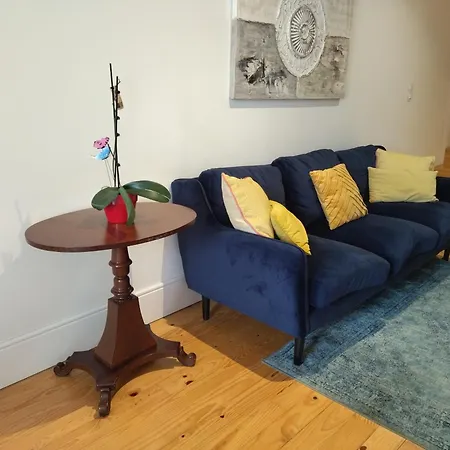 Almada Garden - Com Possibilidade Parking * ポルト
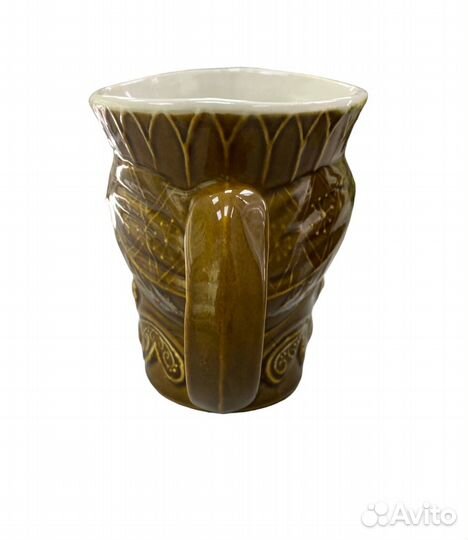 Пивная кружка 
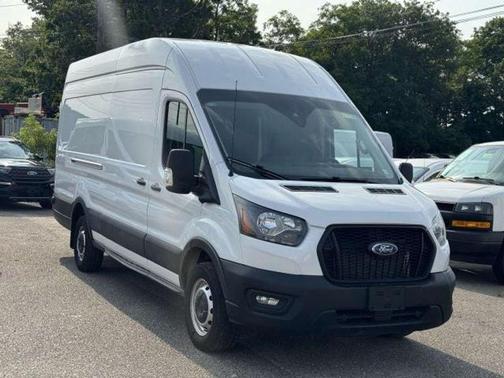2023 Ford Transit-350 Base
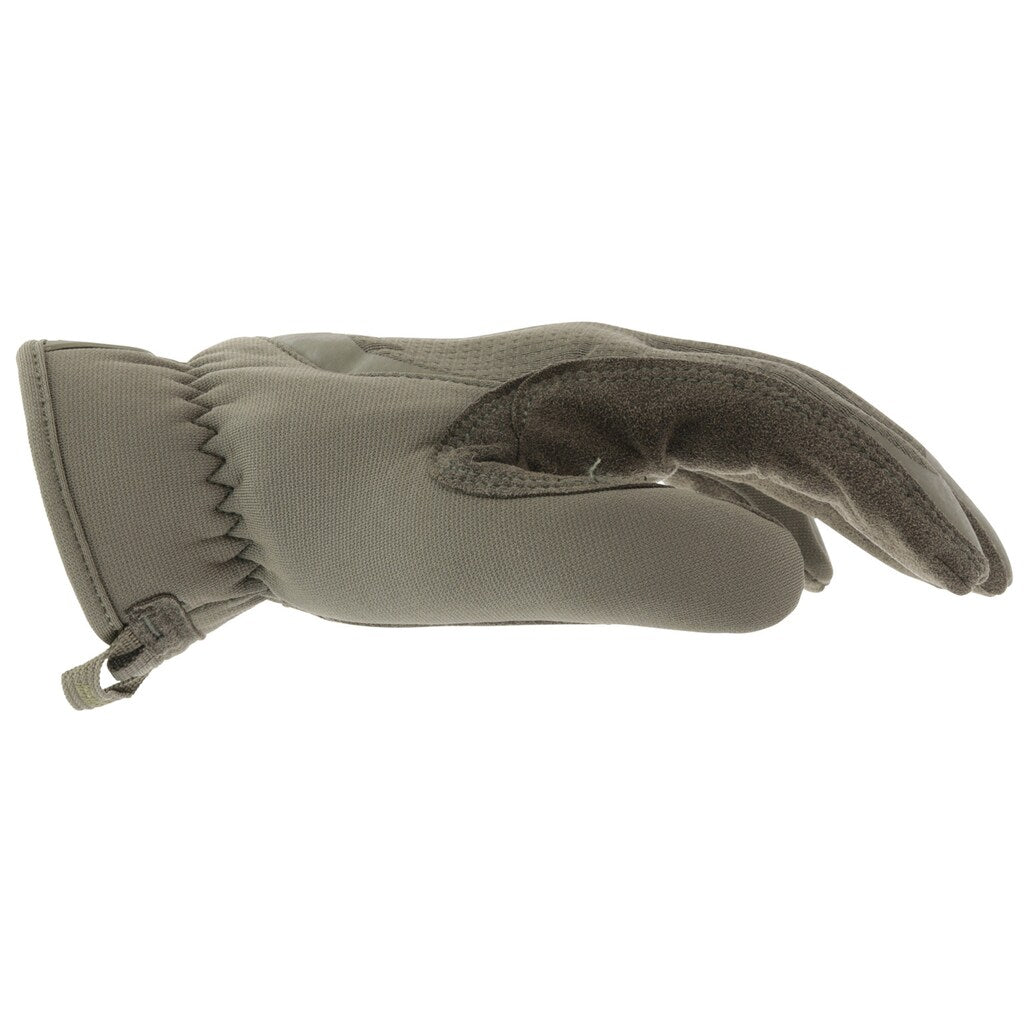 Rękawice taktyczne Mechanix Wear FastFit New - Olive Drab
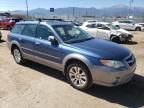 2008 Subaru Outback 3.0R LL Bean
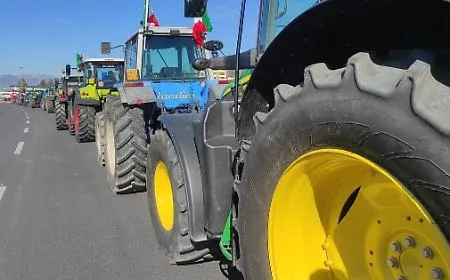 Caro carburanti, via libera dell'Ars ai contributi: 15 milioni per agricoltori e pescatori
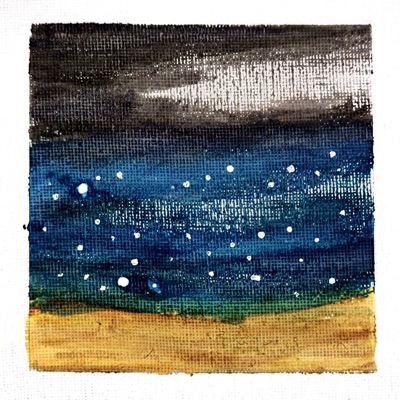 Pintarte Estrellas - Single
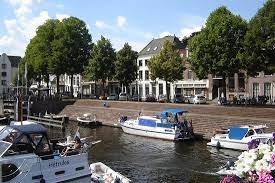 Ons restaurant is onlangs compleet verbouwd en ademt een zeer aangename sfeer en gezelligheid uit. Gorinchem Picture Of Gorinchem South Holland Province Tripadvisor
* * *
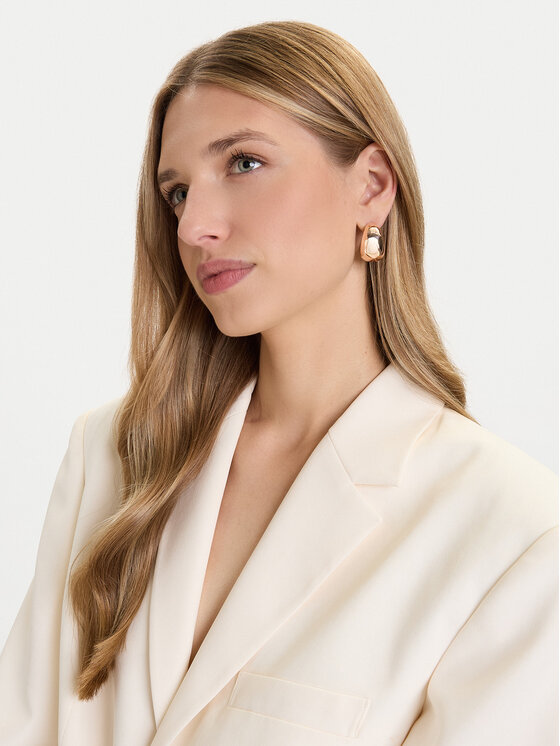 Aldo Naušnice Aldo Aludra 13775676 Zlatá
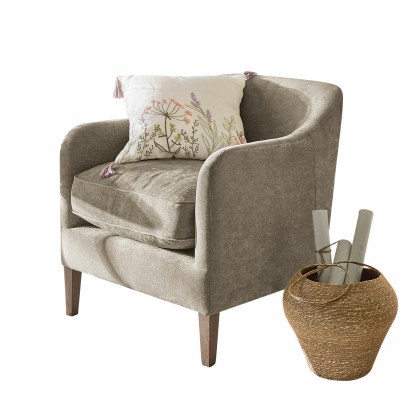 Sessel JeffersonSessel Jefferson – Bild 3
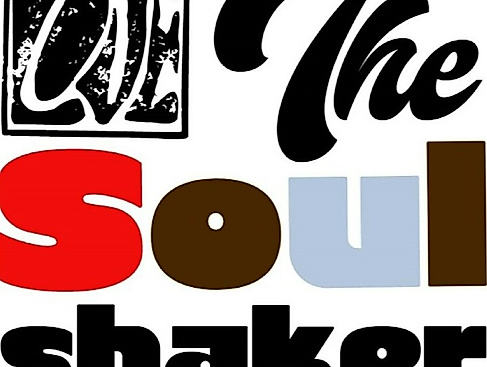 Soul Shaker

* [WORK REQUIRED] Output exactly those lines of the data above that run from the line with "Rękawice taktyczne Mechanix" up to and including the line with "Ons restaurant is". No pictures go in.

* [RESPONSE TO THE TASK]
 Rękawice taktyczne Mechanix Wear FastFit New - Olive Drab
 2008 Subaru Outback 3.0R LL Bean
 Caro carburanti, via libera dell'Ars ai contributi: 15 milioni per agricoltori e pescatori
 Pintarte Estrellas - Single
 Ons restaurant is onlangs compleet verbouwd en ademt een zeer aangename sfeer en gezelligheid uit. Gorinchem Picture Of Gorinchem South Holland Province Tripadvisor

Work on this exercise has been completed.